Material provided:
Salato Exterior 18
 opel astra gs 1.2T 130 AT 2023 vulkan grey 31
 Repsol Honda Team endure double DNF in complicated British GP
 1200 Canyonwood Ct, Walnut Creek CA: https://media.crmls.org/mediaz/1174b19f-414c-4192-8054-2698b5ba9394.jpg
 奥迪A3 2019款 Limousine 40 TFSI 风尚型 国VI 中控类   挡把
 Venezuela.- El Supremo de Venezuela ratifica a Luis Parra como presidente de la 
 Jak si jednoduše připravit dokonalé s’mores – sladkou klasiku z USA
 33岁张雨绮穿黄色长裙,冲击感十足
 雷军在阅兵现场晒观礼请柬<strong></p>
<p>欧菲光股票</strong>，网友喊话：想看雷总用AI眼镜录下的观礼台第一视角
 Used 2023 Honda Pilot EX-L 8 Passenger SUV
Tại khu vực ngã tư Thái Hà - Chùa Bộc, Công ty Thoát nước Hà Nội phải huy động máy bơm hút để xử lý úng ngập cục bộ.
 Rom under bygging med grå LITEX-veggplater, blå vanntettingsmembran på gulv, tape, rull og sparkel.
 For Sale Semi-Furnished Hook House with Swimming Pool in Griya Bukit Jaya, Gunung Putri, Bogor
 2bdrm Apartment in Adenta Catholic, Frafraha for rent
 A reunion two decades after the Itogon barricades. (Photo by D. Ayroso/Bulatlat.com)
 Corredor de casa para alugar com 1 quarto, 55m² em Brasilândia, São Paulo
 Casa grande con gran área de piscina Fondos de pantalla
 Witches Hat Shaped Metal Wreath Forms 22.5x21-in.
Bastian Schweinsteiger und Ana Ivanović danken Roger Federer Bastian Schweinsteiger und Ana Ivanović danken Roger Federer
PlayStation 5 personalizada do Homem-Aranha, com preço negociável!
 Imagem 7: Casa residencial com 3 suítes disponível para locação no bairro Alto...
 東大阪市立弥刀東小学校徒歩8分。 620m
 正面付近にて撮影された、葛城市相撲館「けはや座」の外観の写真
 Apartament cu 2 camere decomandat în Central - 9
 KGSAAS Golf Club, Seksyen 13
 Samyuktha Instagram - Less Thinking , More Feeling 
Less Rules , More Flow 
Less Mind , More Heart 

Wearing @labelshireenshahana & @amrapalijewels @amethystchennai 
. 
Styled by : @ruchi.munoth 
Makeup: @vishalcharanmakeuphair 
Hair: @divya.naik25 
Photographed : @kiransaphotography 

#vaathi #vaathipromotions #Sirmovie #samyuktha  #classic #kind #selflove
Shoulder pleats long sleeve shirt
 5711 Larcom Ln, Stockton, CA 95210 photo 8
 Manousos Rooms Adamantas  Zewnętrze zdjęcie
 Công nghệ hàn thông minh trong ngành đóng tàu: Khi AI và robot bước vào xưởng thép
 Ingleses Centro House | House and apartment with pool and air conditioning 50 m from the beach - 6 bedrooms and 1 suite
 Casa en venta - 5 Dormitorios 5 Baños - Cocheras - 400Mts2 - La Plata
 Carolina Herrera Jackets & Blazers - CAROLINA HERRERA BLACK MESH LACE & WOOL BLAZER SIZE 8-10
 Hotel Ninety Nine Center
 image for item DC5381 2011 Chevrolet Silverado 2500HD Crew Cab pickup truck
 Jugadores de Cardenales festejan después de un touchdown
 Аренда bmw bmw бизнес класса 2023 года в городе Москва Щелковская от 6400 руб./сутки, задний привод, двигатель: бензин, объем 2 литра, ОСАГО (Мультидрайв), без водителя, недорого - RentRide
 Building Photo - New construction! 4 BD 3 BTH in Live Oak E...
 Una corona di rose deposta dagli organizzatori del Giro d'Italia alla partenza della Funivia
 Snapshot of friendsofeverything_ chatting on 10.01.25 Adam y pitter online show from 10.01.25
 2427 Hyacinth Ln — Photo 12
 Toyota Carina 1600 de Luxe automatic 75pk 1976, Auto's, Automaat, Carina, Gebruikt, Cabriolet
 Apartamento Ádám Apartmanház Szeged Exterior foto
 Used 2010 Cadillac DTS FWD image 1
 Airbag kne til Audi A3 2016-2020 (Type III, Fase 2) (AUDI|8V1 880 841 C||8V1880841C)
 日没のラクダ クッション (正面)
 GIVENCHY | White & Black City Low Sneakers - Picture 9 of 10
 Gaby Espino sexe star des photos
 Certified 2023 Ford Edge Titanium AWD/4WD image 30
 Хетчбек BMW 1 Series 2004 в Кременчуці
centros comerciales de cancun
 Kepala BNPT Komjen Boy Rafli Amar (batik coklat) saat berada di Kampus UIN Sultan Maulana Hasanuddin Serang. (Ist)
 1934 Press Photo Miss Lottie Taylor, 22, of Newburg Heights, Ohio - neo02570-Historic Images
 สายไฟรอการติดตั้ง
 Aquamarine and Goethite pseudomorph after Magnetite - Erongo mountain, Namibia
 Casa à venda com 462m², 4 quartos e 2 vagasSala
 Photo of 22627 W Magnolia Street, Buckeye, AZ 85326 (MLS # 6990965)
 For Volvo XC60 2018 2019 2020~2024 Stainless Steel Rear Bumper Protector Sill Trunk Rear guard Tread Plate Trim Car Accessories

Work to be completed: All lines from the one that has "Certified 2023 Ford" through the end of the material above should be returned exactly; omit the rest.

Solution to the problem:
 Certified 2023 Ford Edge Titanium AWD/4WD image 30
 Хетчбек BMW 1 Series 2004 в Кременчуці
centros comerciales de cancun
 Kepala BNPT Komjen Boy Rafli Amar (batik coklat) saat berada di Kampus UIN Sultan Maulana Hasanuddin Serang. (Ist)
 1934 Press Photo Miss Lottie Taylor, 22, of Newburg Heights, Ohio - neo02570-Historic Images
 สายไฟรอการติดตั้ง
 Aquamarine and Goethite pseudomorph after Magnetite - Erongo mountain, Namibia
 Casa à venda com 462m², 4 quartos e 2 vagasSala
 Photo of 22627 W Magnolia Street, Buckeye, AZ 85326 (MLS # 6990965)
 For Volvo XC60 2018 2019 2020~2024 Stainless Steel Rear Bumper Protector Sill Trunk Rear guard Tread Plate Trim Car Accessories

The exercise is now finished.